How often Christ's cry upon the cross re-echoes through one's aching soul; that most desolate and piercing cry the saddest ever uttered in this sad world.... We do not know how God answered it; but we believe that, in spite of cruelty and sin and death, the answer is peace. I think the answer to you comes through the testimony, the living proof, of those most glorious boys, who never looked back, and went to death like Bridegrooms, like Phoebus Apollo running his course; Phoebus, who sent his shafts to Julian in his last moments on earth, and was answered by the flicker of his eyes; that gleam from Julian which will speak to you, in the long hours of waiting and darkness, of the immortality of the soul and the deathlessness of love.  
(Vandiver 204-205)
In her exceptional book, Stand in the Trench, Achilles: Classical Receptions in British Poetry of the Great WarElizabeth Vandiver comments on the 'remarkable ... unproblematized, matter-of-fact manner' in which the letter joins Christianity and Greek Mythology. It reflects the society from which the poetry of the Great War sprang, regardless of whether the poet was Grenfell or Brooke, Rosenberg or Owen:
In a cultural situation in which the elder generation chose to phrase its condolence letters and its exhortations in such terms, it is small wonder that poets who were themselves soldiers employed a similar amalgamation of Christian and pagan imagery and concepts, in which the idea of the soldiers as new Christ, who lays down his life for his friends and his country, is inextricably intertwined with classical exempla.  Some poets invoked not just classical allusions but the Olympians by name, and in a tone that would imply utter sincerity did we not know that the soldiers of 1914 were nominally, and often much more than nominally, Christians, and their poetry is permeated with invocations of Jehovah and Christ. Yet, although of course no British poet (soldier or civilian) writing in 1914-18 would have claimed to 'believe in' the Olympian gods in the sense of assuming those gods' objective reality, pagan imagery of the Olympians and the heroes is inextricably interwoven with Christian imagery. The Christian soldier must fight for justice and the protection of the weak; it is his Christian duty -- and Zeus and the heroes of Troy will spur him on to do so.
(Vandiver 206)
Clearly for Greek mythology to wield such imaginative power over these poets and their contemporaries, it must have been as alive as their faith was, even if not as objectively real. It is what we know, what we love and believe in, and what we find important that help us parse our experiences, all of them of course, but most noticeably those that shock our innocence and challenge the way we have seen things so far. Not long ago I wrote about C.S. Lewis and asked what it must have been like to go off to The Great War with a head full of Homer, as so many of his generation did. It was in discussing that post with Connie Ruzich that I learned about Vandiver's book, which explores precisely all the different ways in which British poets of The Great War used the imaginative tool given them by their knowledge of Homer and the Classics to grapple with the war and its meaning.

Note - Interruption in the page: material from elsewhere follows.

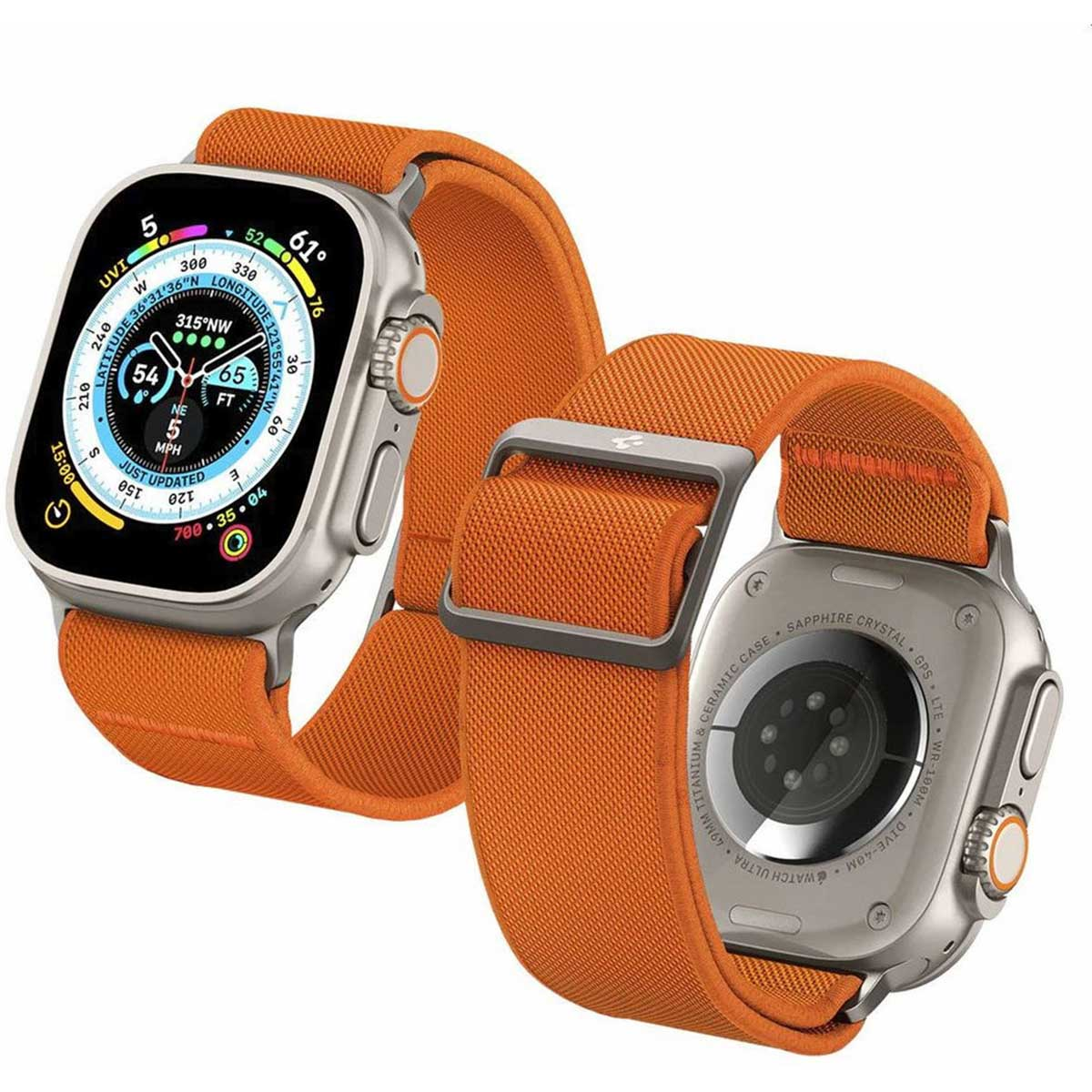 Two watches with orange straps. One watch in front, showing the face. The other behind it.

In that book, moreover, I came across a poem I am not sure I'd seen before.  However that may be, the poem now struck me in a new way:
Deaf to the music, once a boy
    His Homer, crib in hand, had read;
Now near the windy plains of Troy,
    He lives an Iliad instead.
Of these lines by Edward Shillito -- and I have not yet been able to ascertain whether they comprise the entire poem, or are but a selection, since the book in which they appear is hard to come by (road trip!) -- Vandiver aptly remarks:
Far from saying that the actual experience of real war shows the boy how insufficient literature in general and Homer in particular are, Shillito's poem implies instead that the actual experience of war shows the boy precisely how real Homer is. The contrast is not between reading the Iliad and experiencing actual war but between reading the Iliad and experiencing the Iliad. Thus the Iliad is assumed to occupy both realms -- active and contemplative -- simultaneously. 
(246, italics original)
Shillito's verses and Vandiver's observations on them together brought to my mind remarks by another veteran of The Great War, who had a similar experience, but with a different mythology. In his essay On Fairy-stories, J. R. R. Tolkien wrote:
Poetry I discovered much later in Latin and Greek, and especially through being made to try and translate English verse into classical verse. A real taste for fairy-stories was wakened by philology on the threshold of manhood, and quickened to full life by war. 
(OFS ¶ 56)

Indeed, one might well say that for the lad in Shillito's poem, the Iliad was 'quickened to full life by war.'  While I don't for a moment imagine that Tolkien needed a crib of Homer, Beowulf, or any other text, I find the parallel between his statement about fairy stories and Shillito's about Homer striking. Both chose to represent the effect of war as a bringing to full life to something not so before. If Shillito's young man found himself suddenly in the Iliad, as it were, Tolkien had already started down the road to Faërie. Philology had already given him the taste for fairy stories, but only the experience of war brought that taste 'to full life'.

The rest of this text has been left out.